A lady in a Pemaquid Point sweatshirt offers to take a photo of the two of us, so I gladly hand over the iPhone. She looks at it and says:

"What is this?"

I'm all, "Uhmmm. That's the...iPhone."

And she said, "Wow! It's a lot of FUN!"

Later in the car, Peter said, "Wasn't that strange? I mean, when she asked us what the iPhone was, I almost said, 'It's the iPhone, also known as the most popular gadget in America.' I think they're a little behind the times here in Maine. The do have The Internet, don't they?"

Then I said, "I thought I was late in the game, after all, I'm the last of my friends to get one."

So we kept driving for a little while and I suddenly thought of something.

"If she's wearing a Pemaquid Point sweatshirt, then she's not from around here, is she? I mean, why would you get a tourist sweatshirt from your hometown?"

Monday, June 07, 2010

Our New Pet



We found a carpenter ant in our house, which of course, FREAKED ME OUT. I wanted to call the pest control guys and have them shoot poison into our walls to get rid of the ants which were probably going to DESTROY MY HOUSE.

But Peter? He was poking holes in the tupperware we caught the ant in and feeding it dog kibble.

He was all, "Don't PANIC. Unless you see a bunch of carpenter ants, we don't have a problem. Sometimes random ones forage for food. This does NOT mean that we're infested."

I'm so glad he's much more level-headed than I am.

Tuesday, May 25, 2010

The Black Yankees T-shirt

The other day Peter and I had lunch at the California Pizza Kitchen. We had been going there for years only getting the two or three vegetarian pizzas on the menu when some time last year, we had a really sweet waitress who told us that we could order any meat pizza and they can make it without the meat.

Hmmm.

So of course now we get the Santa Fe Chicken without the Chicken Pizza.

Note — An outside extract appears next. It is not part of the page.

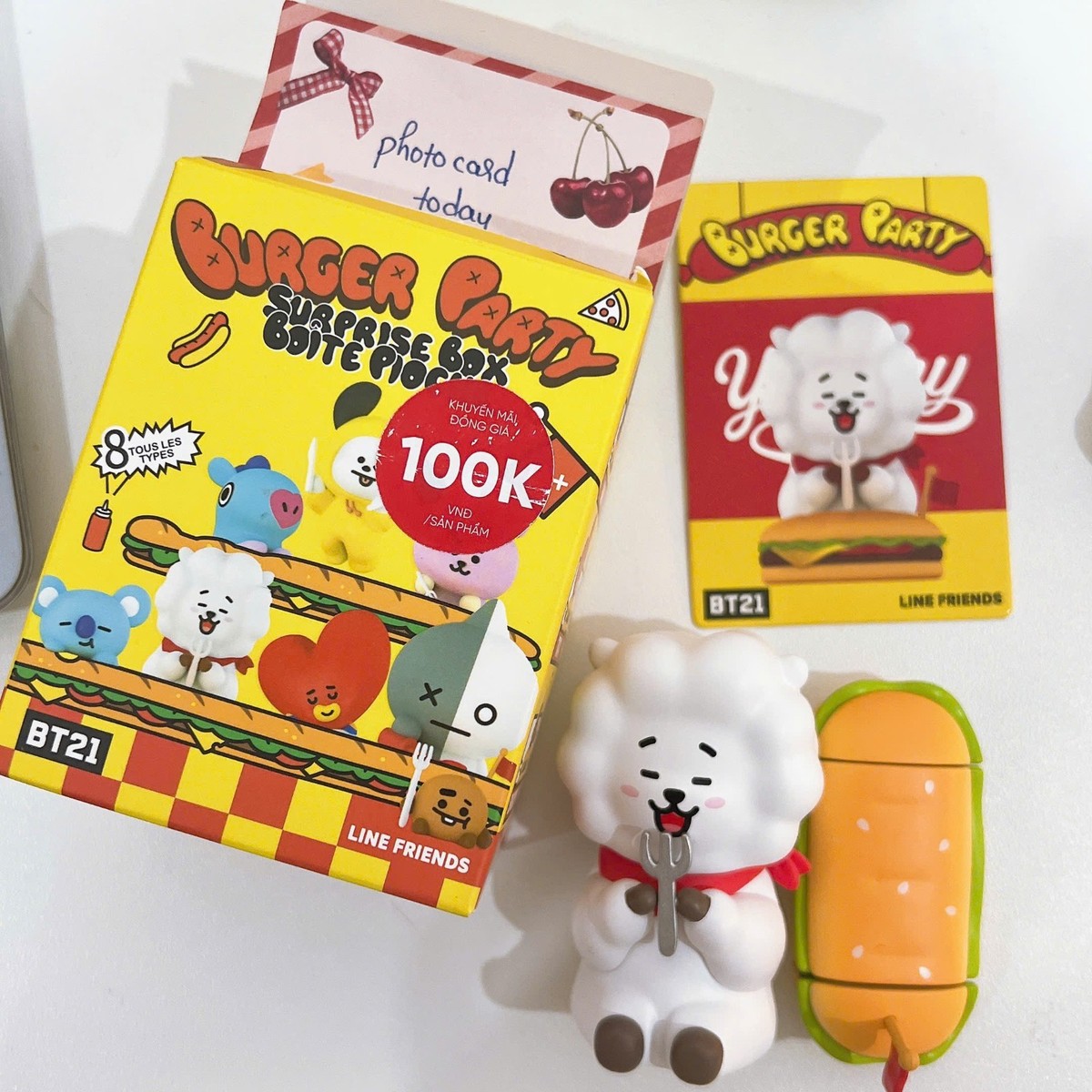 AUTHENTIC] BT21 BLIND BOX MINISO OFFICIAL BTS BURGER PARTY COOKY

It's a pizza with caramelized onions and you top it with guacamole, salsa and sour cream.

And before you say, "wha---What?!" Let me tell you that it is AWESOME.

I didn't know that you could put salsa on everything until I went to San Francisco. My friend Andrew took me to this little oceanside mexican restaurant and they served clam chowder (since it's the law in the Bay area for every restaurant to offer this chowder) and I noticed that they topped it off with a dollop of salsa.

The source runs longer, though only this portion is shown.